(LISTED RECORDS)

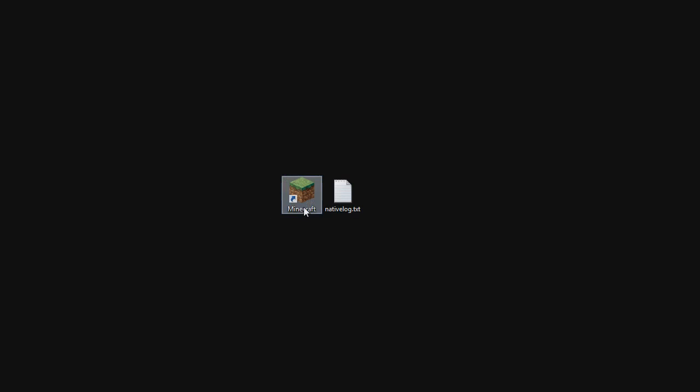So what the problem is, is that this shortcut created by the installer of Minecraft is not right. So what we are going to do is delete the Minecraft shortcut you have on your desktop and then create a new one.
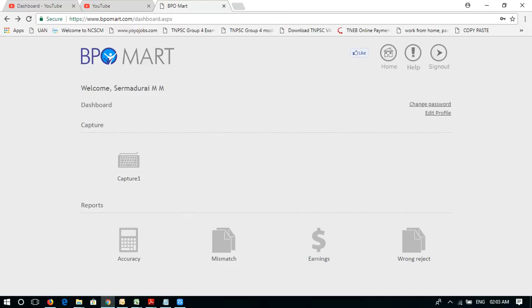Now I will see you in the video. So you can subscribe to me. Please click on the notification button. Please see you in the next video.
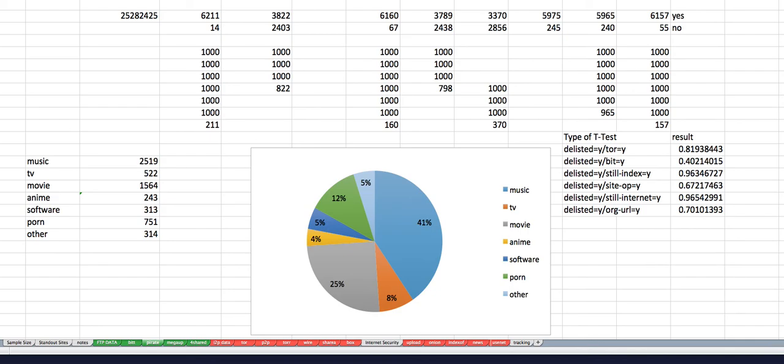But yeah, music, movies, and TV, my big guys. There's some anime. Anime actually is resulting in this. Software and then porn, which is surprising. And then other. Other is just education and site rips and cam rips and other stuff. Fun stuff.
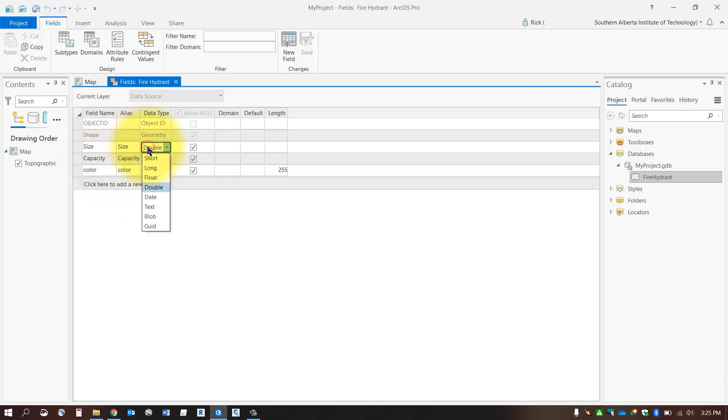Here you can make any changes if you want, as long as there's no data in any of these records or there's no data being stored in this feature class. You can change the data type. Once you store data in that new feature class, you will not be able to change any of these attributes.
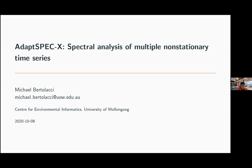Let me briefly introduce our speaker. Michael is currently a postdoc research fellow at the University of Wollongong, and his research interests include large-scale spatial-temporal problems in environmental statistics, spatial-temporal flux inversion for trace gases using remotely sensed data, hierarchical Bayesian mixture models for the analysis of Australian daily rainfall, and modeling multiple non-stationary time series in the spectral domain. Let us welcome his talk about ADAPT-SPEC-X: spectral analysis of multiple non-stationary time series.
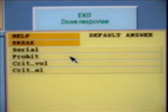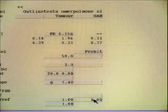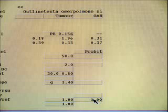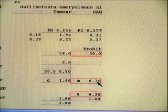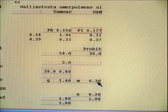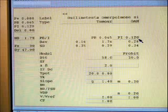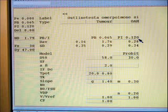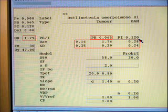For risk organs, four different NTCP models are available: the seriality model, the probit or Lyman-Kutcher-Burman model, the critical element model, and the critical volume model. As for the TCP calculation, we can specify the D50 level of complication and the dose response slope. For the Lyman-Kutcher-Burman model, the slope parameter is denoted M. The NTCP models generally contain a volume dependency parameter; in the Lyman-Kutcher-Burman model it is denoted N. When a sufficient set of NTCP parameters has been entered, the NTCP value for this risk organ is automatically calculated. If the NTCP is higher than acceptable, it is possible to directly enter an acceptable NTCP value to see how the entire dose level will be affected by this NTCP reduction.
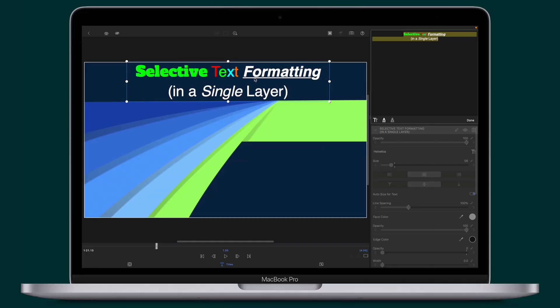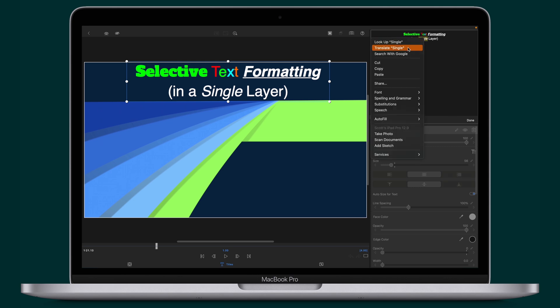On a MacBook, select the portion of the title you want to format, then Control or right-click to access the drop-down menu and select Font.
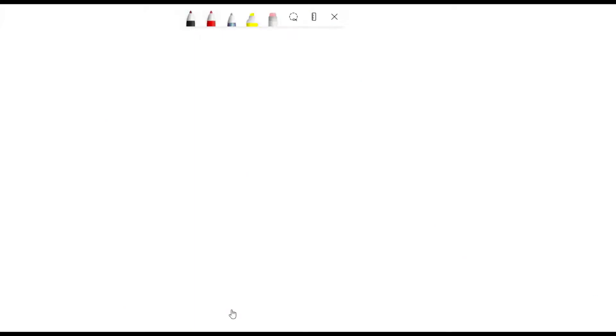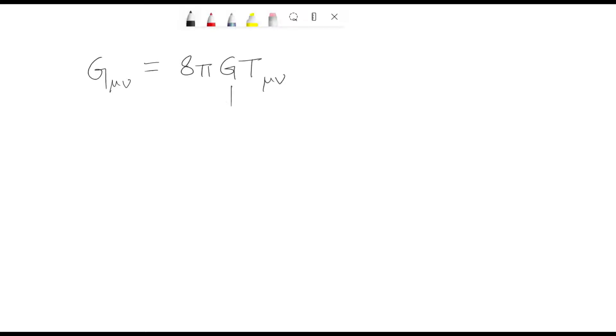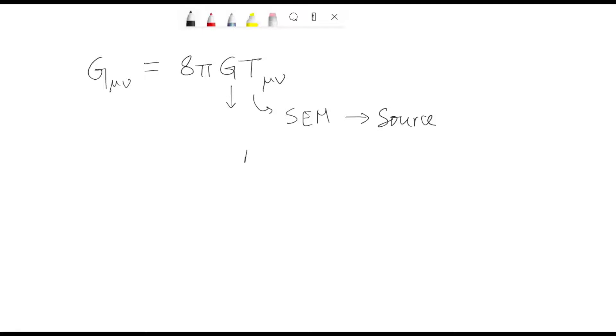Equipped with these conditions, we move forward. The next part is about simplification. We're going to simplify the field equations that govern the static, spherically symmetric solution, as well as the metric itself. The field equation is G_μν = 8πG T_μν, where G is the Newtonian constant and T_μν is the stress-energy-momentum tensor, the source of gravity. We'd like to find the solution in regions where the source is absent — no matter — so no source means T_μν = 0.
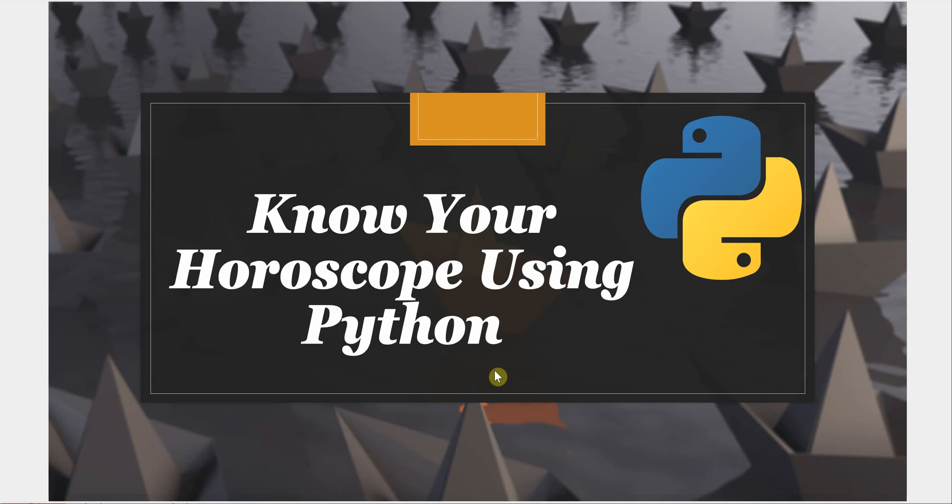In today's video I'm going to talk about a very interesting topic: horoscope. So let's see how we can get our horoscope using Python.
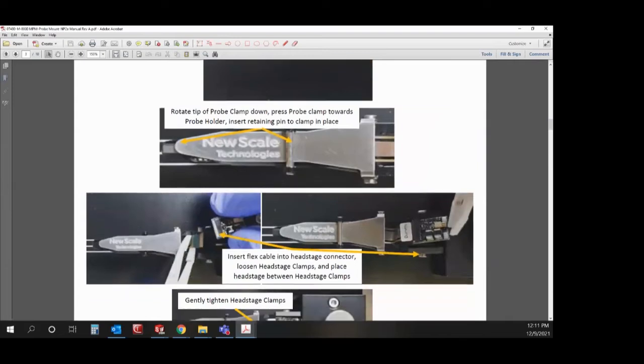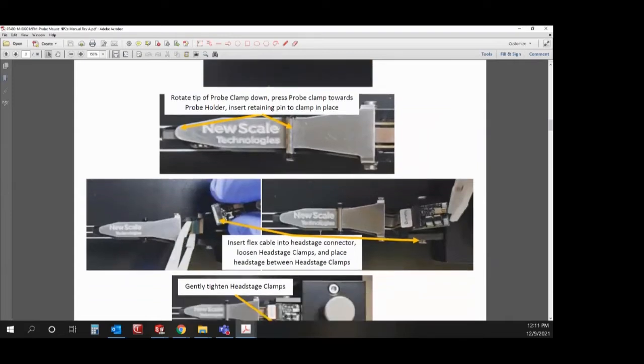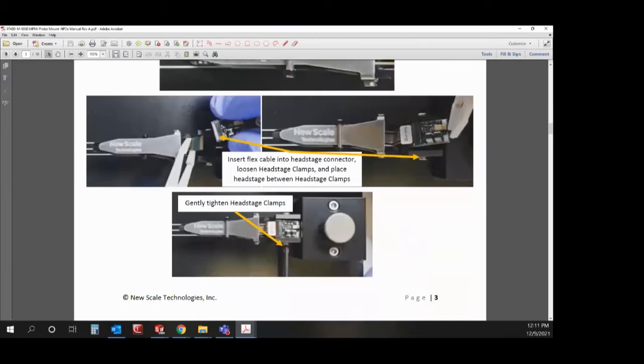Once it's installed, attach the flex cable to the head stage and then tighten the screws to clamp the head stage in place and you're ready to start recording.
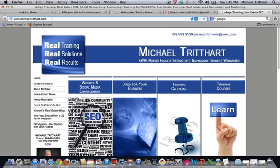You can see right here I'm on my site and I've got michaeltritthart.com right there. I'm going to copy that address and then come over to Google.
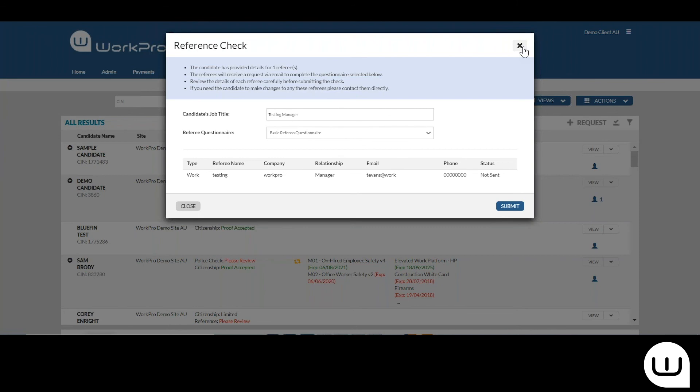There is no charge if a person has been sent one reference and they've declined it, or you can decide that you'd like to send a new request to the candidate asking them for another referee or for them to log in and provide another referee.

(End LISTED RECORDS)

### WHAT NEEDS TO BE DONE:
The copy must start at the line containing "For risk organs, four" and end at the last line of the records, matching each line exactly and holding no pictures.

### WRITTEN SOLUTION:
For risk organs, four different NTCP models are available: the seriality model, the probit or Lyman-Kutcher-Burman model, the critical element model, and the critical volume model. As for the TCP calculation, we can specify the D50 level of complication and the dose response slope. For the Lyman-Kutcher-Burman model, the slope parameter is denoted M. The NTCP models generally contain a volume dependency parameter; in the Lyman-Kutcher-Burman model it is denoted N. When a sufficient set of NTCP parameters has been entered, the NTCP value for this risk organ is automatically calculated. If the NTCP is higher than acceptable, it is possible to directly enter an acceptable NTCP value to see how the entire dose level will be affected by this NTCP reduction.
On a MacBook, select the portion of the title you want to format, then Control or right-click to access the drop-down menu and select Font.
Equipped with these conditions, we move forward. The next part is about simplification. We're going to simplify the field equations that govern the static, spherically symmetric solution, as well as the metric itself. The field equation is G_μν = 8πG T_μν, where G is the Newtonian constant and T_μν is the stress-energy-momentum tensor, the source of gravity. We'd like to find the solution in regions where the source is absent — no matter — so no source means T_μν = 0.
In today's video I'm going to talk about a very interesting topic: horoscope. So let's see how we can get our horoscope using Python.
Once it's installed, attach the flex cable to the head stage and then tighten the screws to clamp the head stage in place and you're ready to start recording.
You can see right here I'm on my site and I've got michaeltritthart.com right there. I'm going to copy that address and then come over to Google.
There is no charge if a person has been sent one reference and they've declined it, or you can decide that you'd like to send a new request to the candidate asking them for another referee or for them to log in and provide another referee.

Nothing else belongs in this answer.